Here we write Twitter tweets, using Twitter’s streaming API, and then save those to Hadoop. To do this you first have to create an app at https://apps.twitter.com/, which will give you the keys you need to connect.
The Tweets have no structure in Flume. So if you want to work with them you would write them to, for example, Hive. But to do that you have to create the Twitter schema in Hive. You can look for instructions for how to do that on the internet.
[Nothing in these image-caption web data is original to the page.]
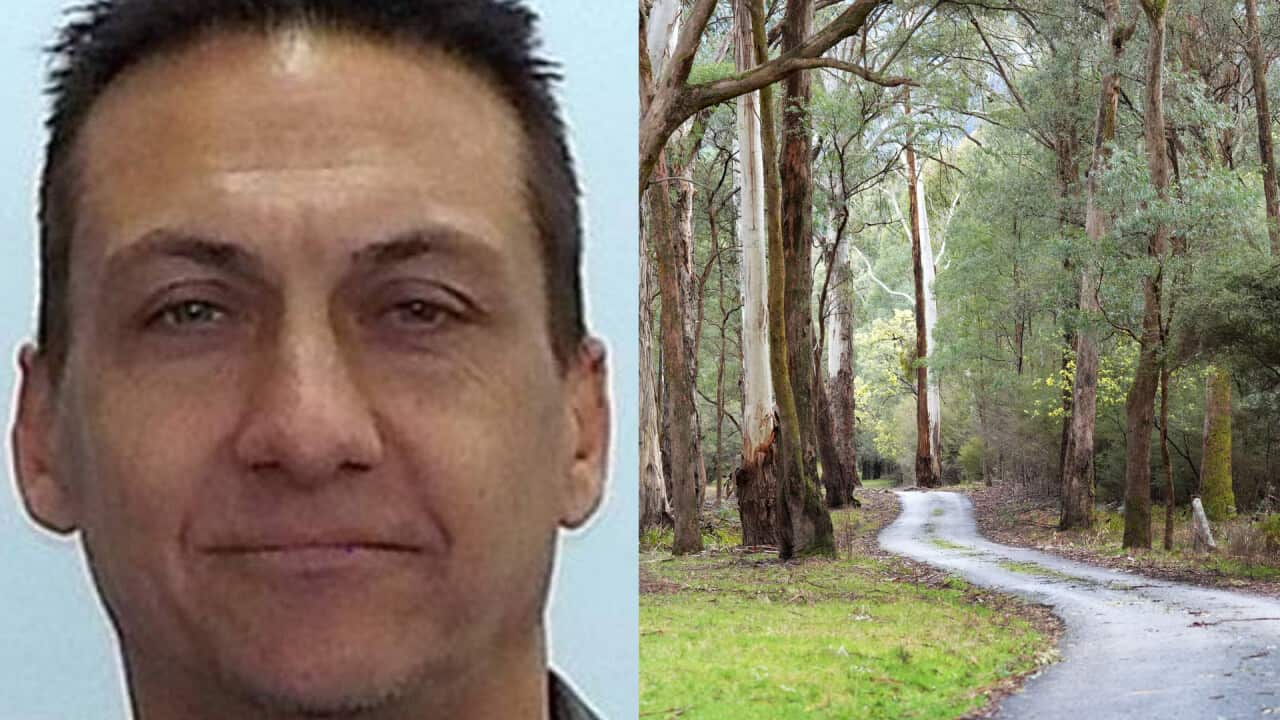 A split image of a man's head on the left and an image of bushland on the right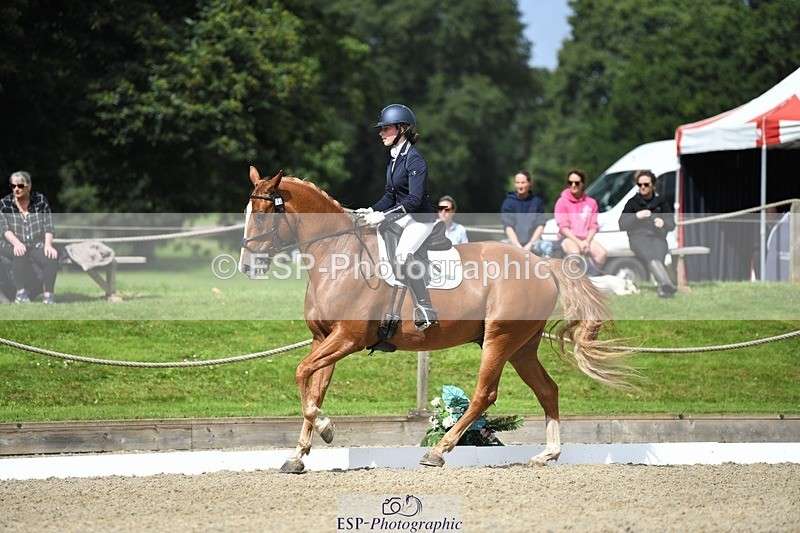 230812-112728-03630 - Cls 6 Novice Silver 10.30 to 11.55 break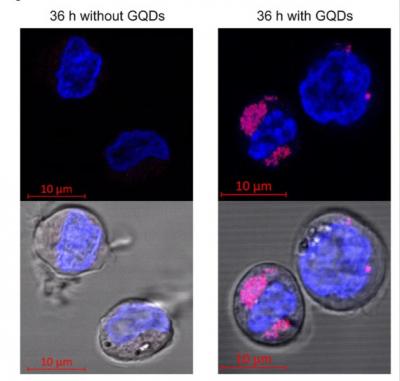 German researchers study the biological risk potential of graphene quantum dots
In this example we just write them to Hadoop.
TwitterAgent.sources = Twitter TwitterAgent.channels = t1 TwitterAgent.sinks = hdfs TwitterAgent.sources.Twitter.type = org.apache.flume.source.twitter.TwitterSource TwitterAgent.sources.Twitter.consumerKey = (obfuscated) TwitterAgent.sources.Twitter.consumerSecret = (obfuscated) TwitterAgent.sources.Twitter.accessToken = (obfuscated) TwitterAgent.sources.Twitter.accessTokenSecret = (obfuscated) TwitterAgent.sources.Twitter.keywords = health TwitterAgent.sinks.console.type = logger TwitterAgent.sinks.hdfs.type=hdfs TwitterAgent.sinks.hdfs.hdfs.path=/flume/twitter TwitterAgent.sinks.hdfs.hdfs.filePrefix=messages TwitterAgent.sinks.hdfs.hdfs.rollInterval=10 TwitterAgent.sinks.hdfs.hdfs.rollSize=0 TwitterAgent.channels.t1.type=memory TwitterAgent.channels.t1.capacity = 1000 TwitterAgent.sources.Twitter.channels = t1 TwitterAgent.sinks.hdfs.channel = t1
Then list the files written in Hadoop:
-rw-r--r-- 1 root supergroup 217127 2017-03-08 14:54 /flume/twitter/messages.1488981289896 -rw-r--r-- 1 root supergroup 232847 2017-03-08 14:55 /flume/twitter/messages.1488981289897 -rw-r--r-- 1 root supergroup 227083 2017-03-08 14:55 /flume/twitter/messages.1488981289898
You can log Tweets to the console using:
TwitterAgent.sinks.console.type = logger
But as you can see they are in Hex, so hard to read:
7/03/08 14:44:39 INFO sink.LoggerSink: Event: { headers:{} body: 4F 62 6A 01 02 16 61 76 72 6F 2E 73 63 68 65 6D Obj...avro.schem } 17/03/08 14:44:41 INFO sink.LoggerSink: Event: { headers:{} body: 4F 62 6A 01 02 16 61 76 72 6F 2E 73 63 68 65 6D Obj...avro.schem }
That is a basic introduction to Flume. As you can see it is not a complicated product at all. As an exercise you might try now to write syslogs to Flume.